### Creating Knowledge Graphs from Textual Data: Finding Hidden Connections

Knowledge graphs have emerged as a powerful way to visualize and understand relationships between different pieces of information, transforming unstructured text into a structured network of entities and their relationships. We will guide you through a simple workflow for creating a knowledge graph from textual data, making complex information more accessible and easier to understand.

Here’s what we are going to do in this project:

![image](./knowledge-graph-data-pipeline.jpg)

*Our knowledge graph from textual data pipeline.*

Before creating a knowledge graph, it is essential to understand the difference between **knowledge graphs** and **knowledge bases,** as these terms are often mistakenly interchanged.

A **Knowledge Base (KB)** is a collection of structured information about a specific domain. A **Knowledge Graph** is a form of **Knowledge Base** organized as a graph. In a **Knowledge Graph,** `nodes` represent *entities*, and `edges` represent the *relationships between these entities*. For instance, from the sentence “Fabio lives in Italy,” we can derive the relationship triplet `<Fabio, lives in, Italy>`, where “Fabio” and “Italy” are the entities, and “lives in” represents their connection.

A **knowledge graph** is a subtype of a **knowledge base**; however, it is not always associated with one.

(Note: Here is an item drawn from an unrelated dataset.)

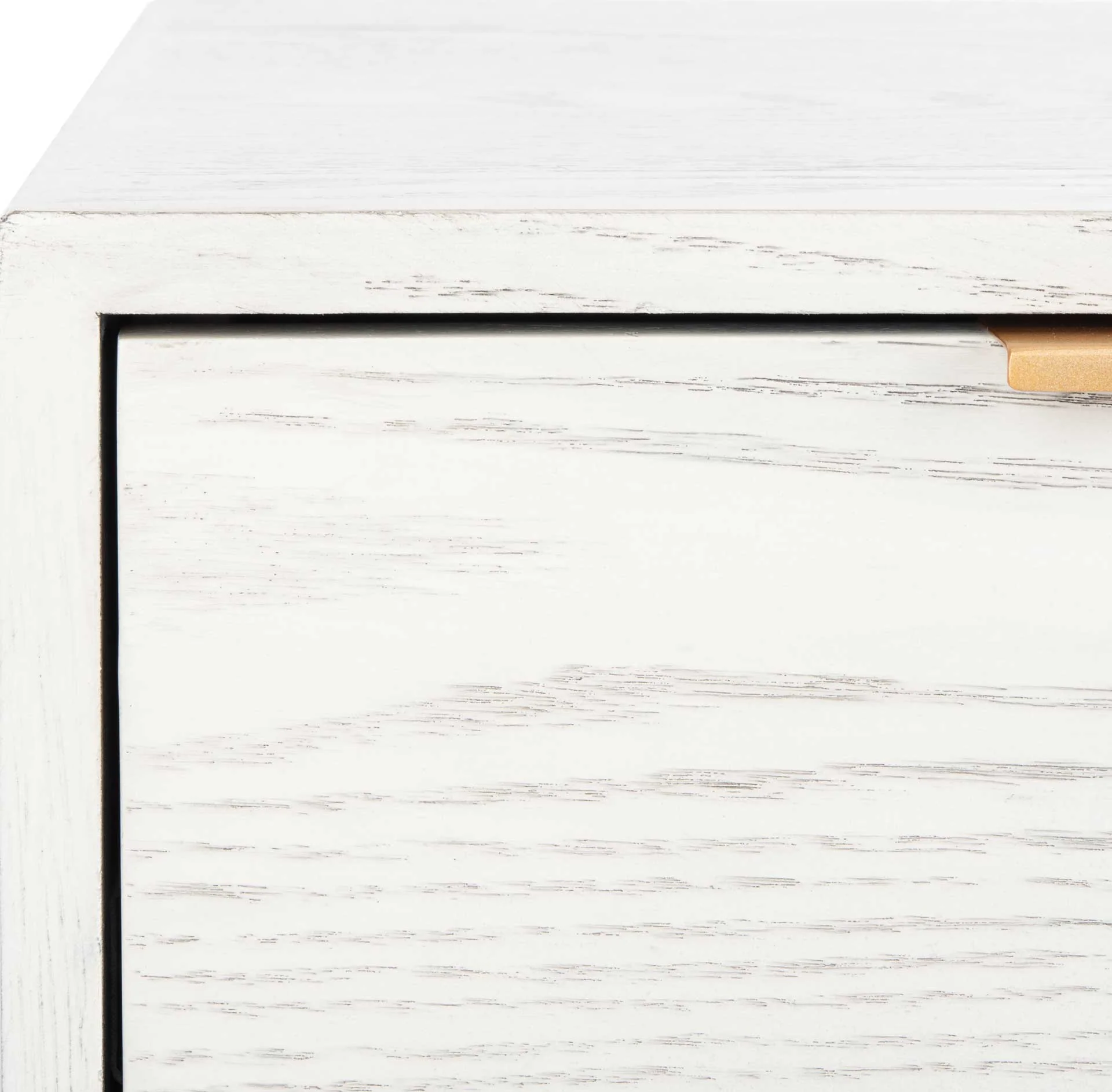 Pin One Drawer Nightstand White Washed/Gold - Image 5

Building a knowledge graph generally involves two main steps:

1.  **Named Entity Recognition (NER):**  This step focuses on identifying and extracting entities from the text, which will serve as the nodes in the knowledge graph.
2.  **Relation Classification (RC):**  This step focuses on identifying and classifying the relationships between the extracted entities, forming the edges of the knowledge graph.

The **knowledge graph** is often visualized using tools like **pyvis**.

To enhance the process of creating a **knowledge graph** from text, additional steps can be integrated, such as:

-   **Entity Linking:**  This step helps to normalize different mentions of the same entity. For example, “Napoleon” and “Napoleon Bonaparte” would be linked to a common reference, such as their Wikipedia page.
-   **Source Tracking:**  This involves recording the origin of each piece of information, like the URL of the article or the specific text fragment it came from. Tracking sources helps assess the information’s credibility (for example, a relationship is considered more reliable if multiple reputable sources verify it).

In this project, we will simultaneously do **Named Entity Recognition** and **Relation Classification** through an effective prompt. This combined approach is often referred to as **Relation Extraction (RE)**.